Manuel, diciotto anni e il peso della vita sulle spalle. Storia di un ragazzo di periferia. Fra realismo e voglia di tenerezza

(di Patrizia Pedrazzini) Ci vogliono anni per diventare grandi. Anni e anni di tentativi, di errori, di delusioni, di cadute, di fatica, di dolore. E, soprattutto, di testa. C’è chi non ci riesce in una vita intera. A Manuel viene concessa una manciata di giorni: prendere o lasciare, farcela o mandare tutto a quel paese. Perché Manuel non è uno di quei ragazzi fortunati e con le spalle coperte cui la vita ha regalato il privilegio di studiare, di costruirsi passo dopo passo un futuro, di far conto su una famiglia solida sempre pronta a dare una mano. Manuel, il giorno in cui compie 18 anni, non dà una festa, ma comunque non riesce a dormire solo all’idea, perché il giorno del suo diciottesimo compleanno è anche quello nel quale si aprono, per lui, le porte dell’Istituto per minori privi di sostegno familiare nel quale ha trascorso l’adolescenza.
Il giorno nel quale, per la prima volta dopo anni, assapora il gusto della libertà. Soltanto che a casa, un modesto appartamento in un casermone sul lungomare laziale, nessuno lo aspetta: solo disordine, sporcizia, solitudine. E un impegno: prendersi cura della madre, da cinque anni in carcere, e alla quale, forse, verranno concessi gli arresti domiciliari a patto che lui, Manuel, garantisca di prenderla in carico. Un impegno che il ragazzo è fermamente deciso, dentro di sé, ad assumersi. Ma riuscirà ad attuarlo? Perché è vero che, grande e grosso com’è, dimostra molto più della sua età, è vero che è buono, generoso e prudente, e che in Istituto ha imparato a rispettare le regole, oltre che a lavare i piatti, a fare le pulizie, a prendersi cura dei più piccoli. Ma sempre diciotto anni ha. E, forse, a un po’ di libertà avrebbe anche diritto.
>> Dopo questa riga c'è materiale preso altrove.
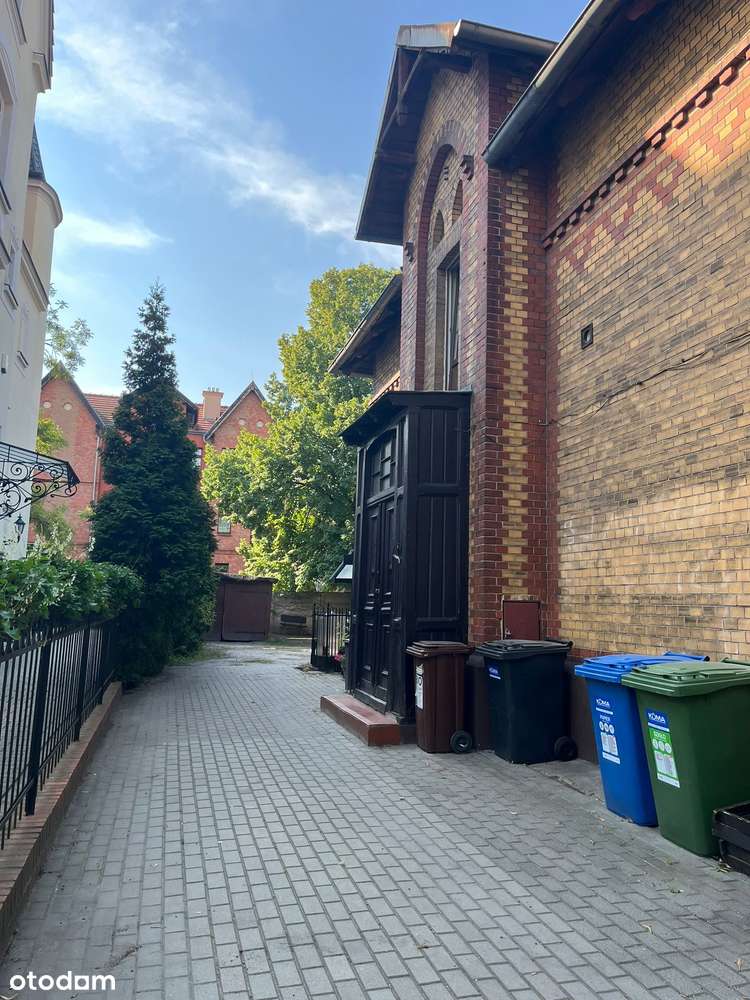 Na sprzedaż kamienica z 1896 roku wybudowana w stylu szwajcarskim.-4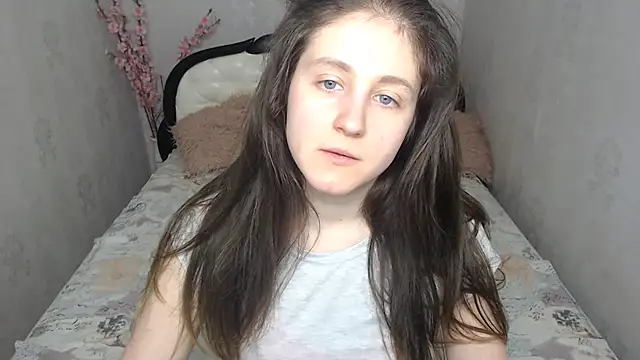 Holliy Cooper online show from June 3, 2026, 9:01 am
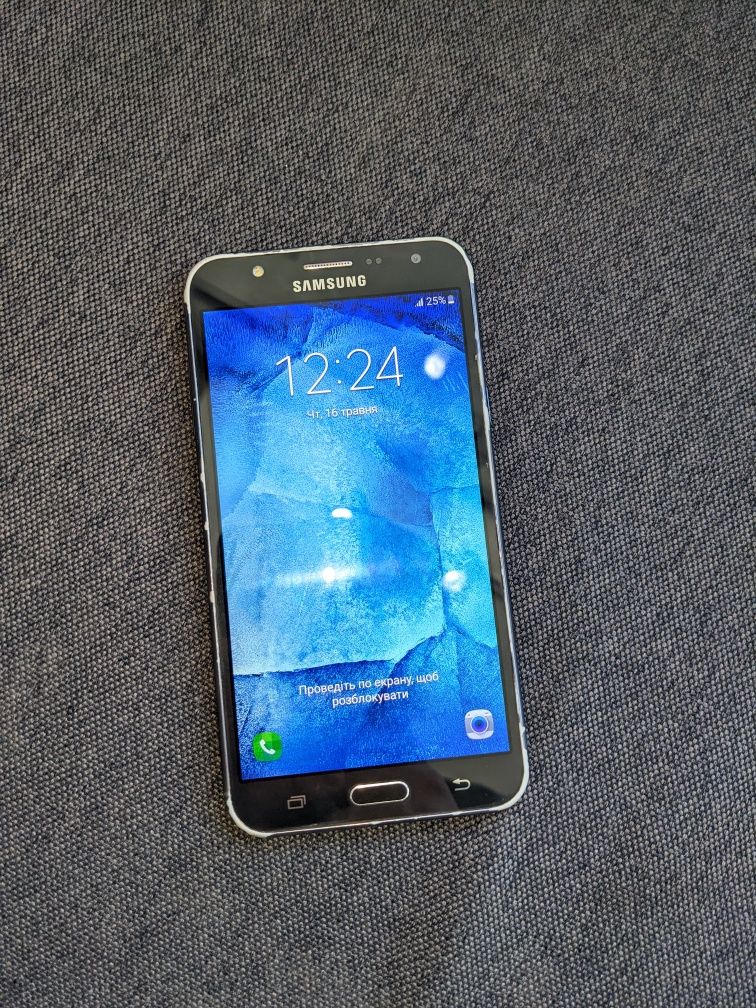 Продам телефон Samsung j7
Primo lungometraggio del fotografo e documentarista Dario Albertini (e naturale prosecuzione de “La Repubblica dei Ragazzi”, documentario sulla nascita dell’autogoverno in una comunità per giovani), “Manuel” è un film realistico e delicato insieme, ambientato in una periferia marittima e disincantata che fin da subito assurge al ruolo, se non di protagonista, di “personaggio” imprescindibile per lo sviluppo della storia. La quale a sua volta si apre su figure umane semplici e in buona fede, che magari nella vita hanno sbagliato, ma che si sforzano di ragionare sui propri errori. E che si muovono, senza mai però avvicinarsi più di tanto, intorno a Manuel (un bravissimo Andrea Lattanzi), gigante timido e buono, sorta di Garrone del buon vecchio libro “Cuore” trasportato ai giorni nostri, e alla madre Veronica (Francesca Antonelli), donna dalla bellezza segnata e sfiorita (pertinente e curato il dettaglio dello smalto delle unghie rovinato), insicura, instabile, destinata a dare del filo da torcere a quel figlio che pur tanto ama (“Sono uno schifo di madre. Sei dovuto crescere da solo. Mi spiace essere un peso per te”).
Il tutto senza sentimentalismi né bigottismi, ma anche senza vuoti anticlericalismi (la conduzione religiosa dell’Istituto emerge semplicemente quale supporto solido e positivo per la vita dei ragazzi), sullo sfondo di un paesaggio semiurbano che non a caso non viene precisato (Ostia? Civitavecchia?), in quanto di per sé universale. Come la figura di Manuel. Come le “tentazioni” che provano ad attrarlo (il sesso, la droga, i soldi). Come il suo desiderio di libertà, e la voglia di fuggire via, lontano da scelte più grandi di lui.
Un film asciutto e pudico, dedicato a tutti i Manuel di tutte le periferie, quelli che, nella vita, “devono fa’ er doppio della fatica, anche er triplo”.
Bella, per tenerezza e discrezione, la scena nella quale, per andare all’incontro con la madre in tribunale, il ragazzo decide di vestirsi elegante e, in piedi davanti al piccolo specchio del bagno, cellulare impostato sulle relative istruzioni, prova e riprova i passaggi per farsi il nodo della cravatta.